- Opening Delimiter -

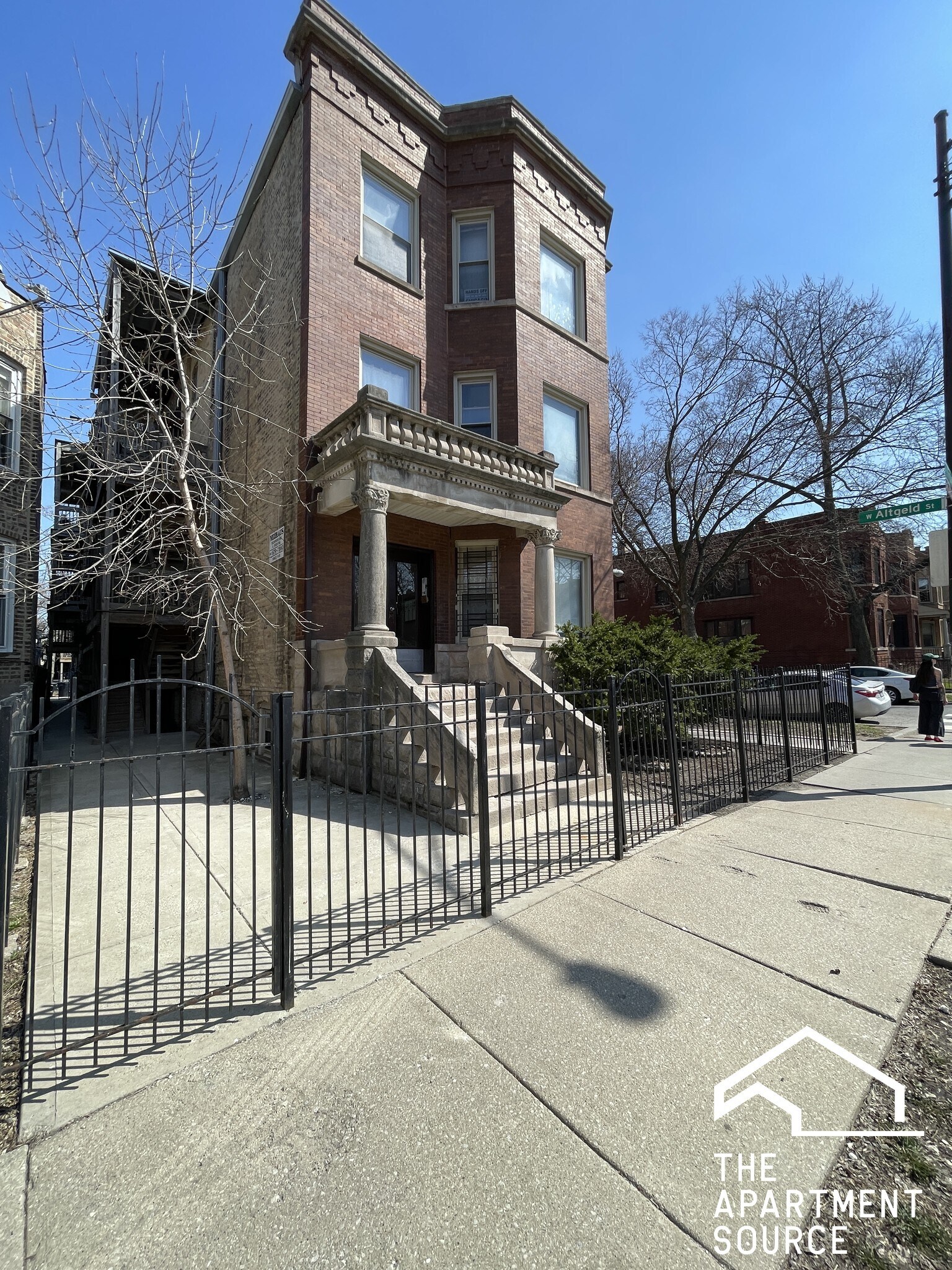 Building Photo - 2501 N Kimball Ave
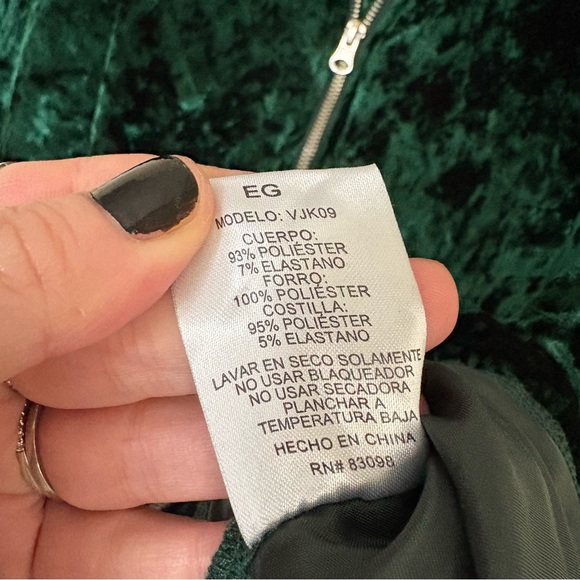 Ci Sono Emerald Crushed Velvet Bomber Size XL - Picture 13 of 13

- Closing Delimiter -
- Opening Delimiter -

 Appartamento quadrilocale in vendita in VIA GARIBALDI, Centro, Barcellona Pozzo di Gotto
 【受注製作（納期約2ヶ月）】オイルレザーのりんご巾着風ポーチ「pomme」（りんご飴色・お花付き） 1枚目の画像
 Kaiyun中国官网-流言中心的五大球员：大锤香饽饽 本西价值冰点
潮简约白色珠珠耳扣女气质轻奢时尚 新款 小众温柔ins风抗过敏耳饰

- Closing Delimiter -
- Opening Delimiter -

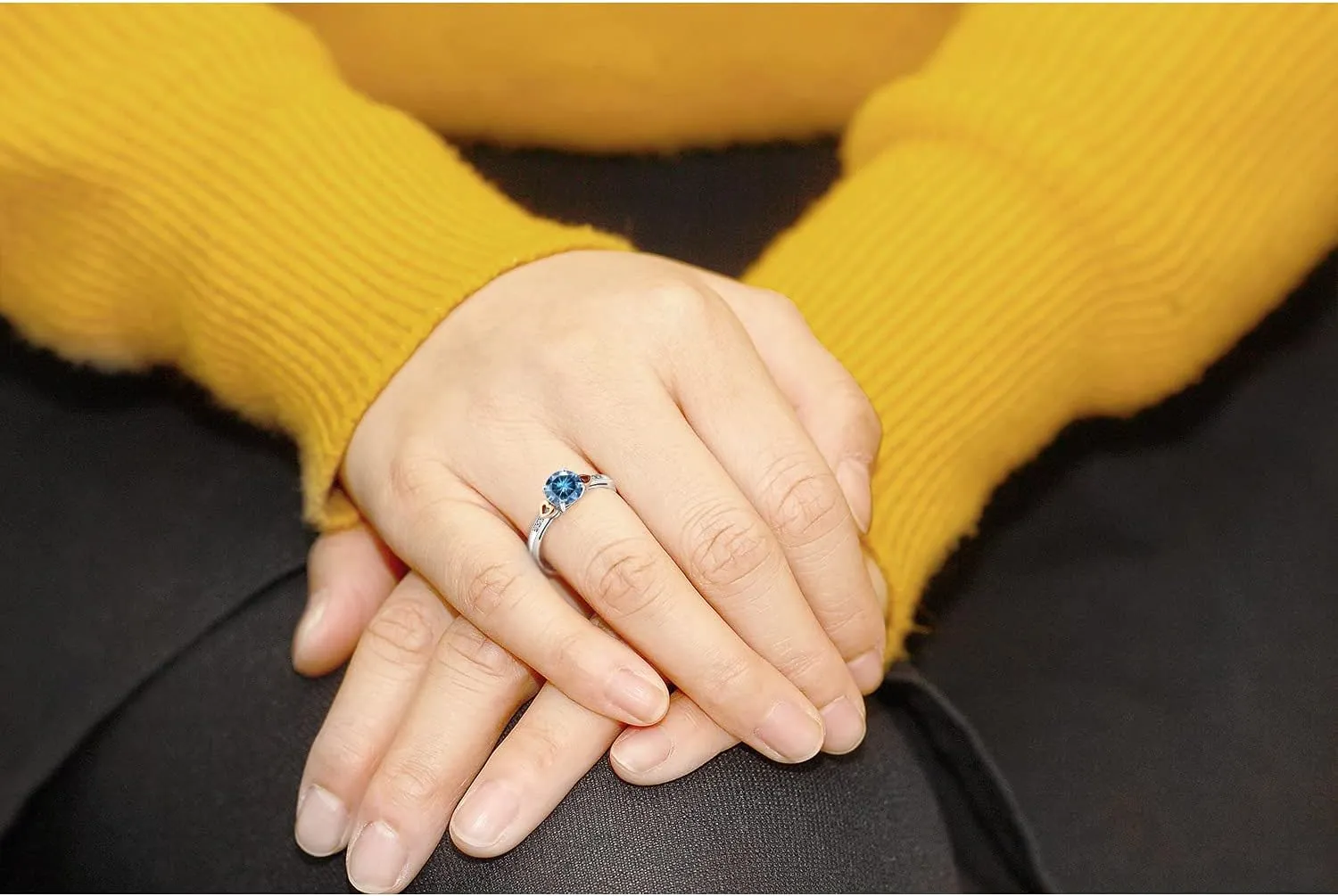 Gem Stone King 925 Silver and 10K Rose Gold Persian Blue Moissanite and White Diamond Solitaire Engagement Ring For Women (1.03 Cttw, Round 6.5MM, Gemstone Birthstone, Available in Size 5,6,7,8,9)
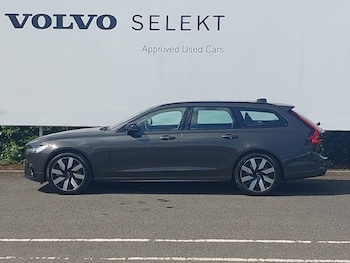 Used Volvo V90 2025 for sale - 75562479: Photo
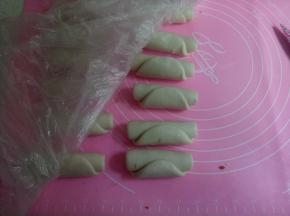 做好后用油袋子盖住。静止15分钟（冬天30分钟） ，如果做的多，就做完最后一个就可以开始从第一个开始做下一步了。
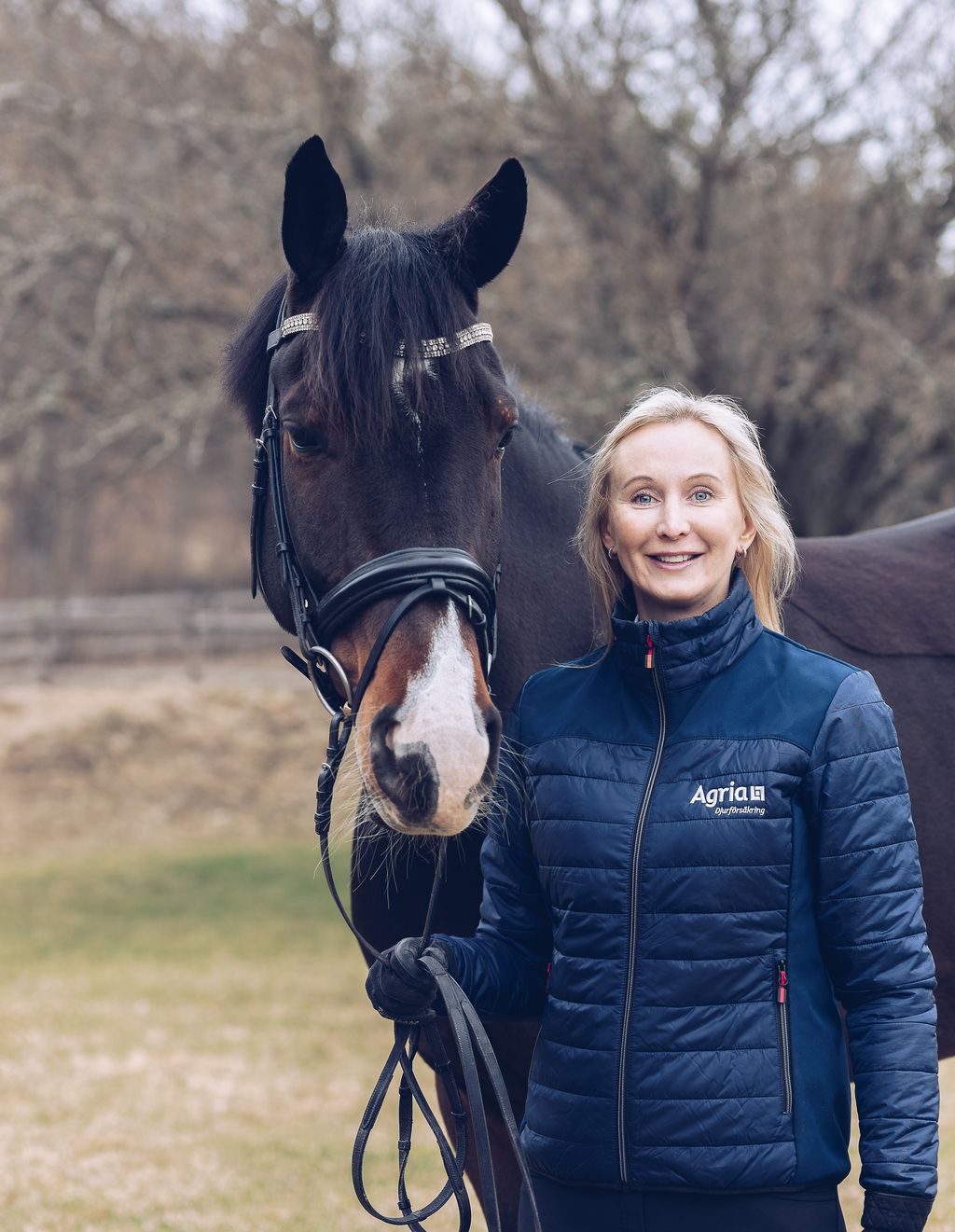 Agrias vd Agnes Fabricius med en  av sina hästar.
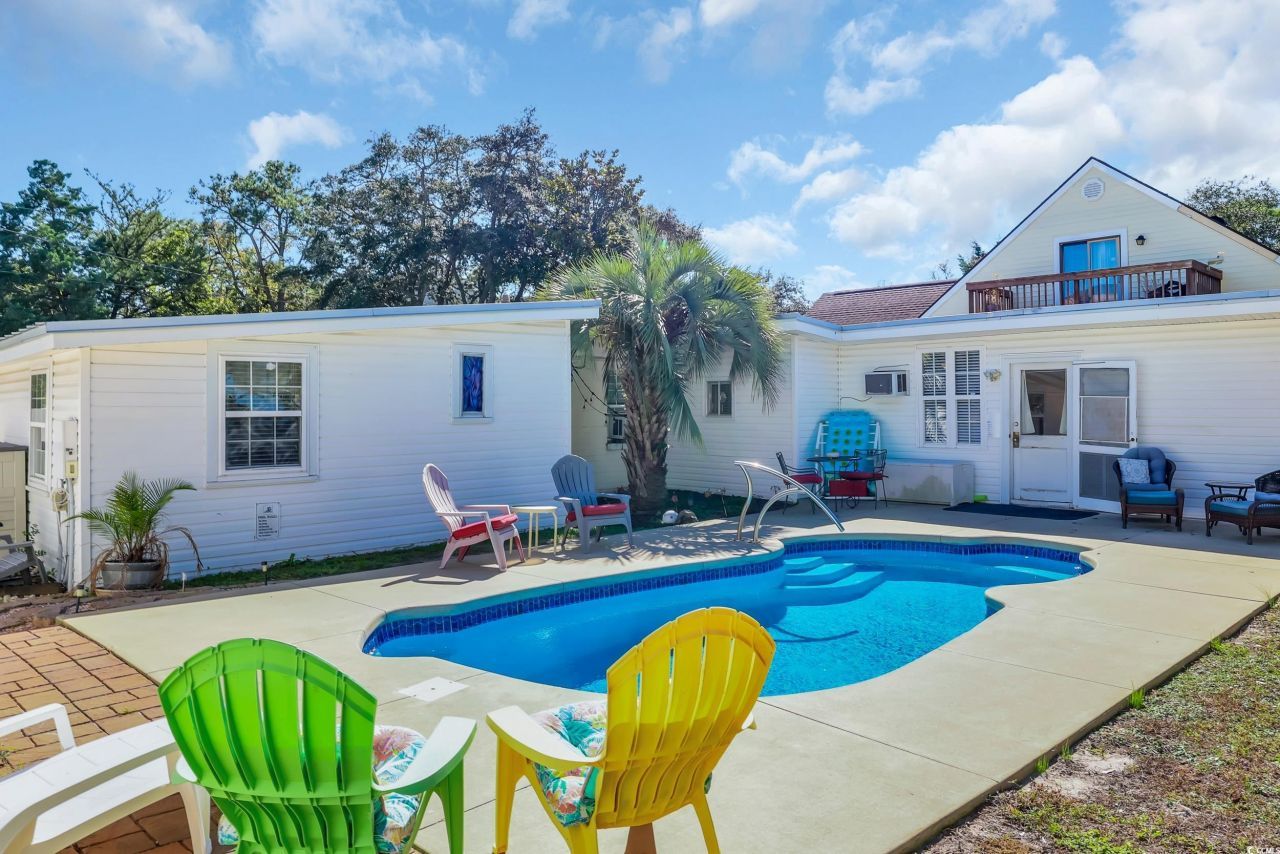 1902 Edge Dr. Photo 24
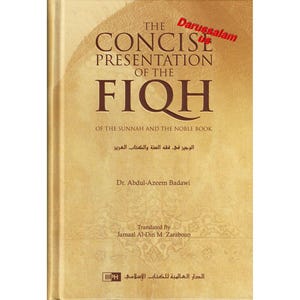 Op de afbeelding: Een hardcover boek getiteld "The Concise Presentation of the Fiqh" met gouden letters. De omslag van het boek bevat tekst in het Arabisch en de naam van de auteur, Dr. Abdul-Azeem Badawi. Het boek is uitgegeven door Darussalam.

- Closing Delimiter -

### WHAT TO DO
Reproduce the entries exactly, from the line with "Building Photo - 2501 N Kimball Ave" to the line with "Ci Sono Emerald", both lines included, keeping no pictures.

### RESULT OF THIS TASK
 Building Photo - 2501 N Kimball Ave
 Ci Sono Emerald Crushed Velvet Bomber Size XL - Picture 13 of 13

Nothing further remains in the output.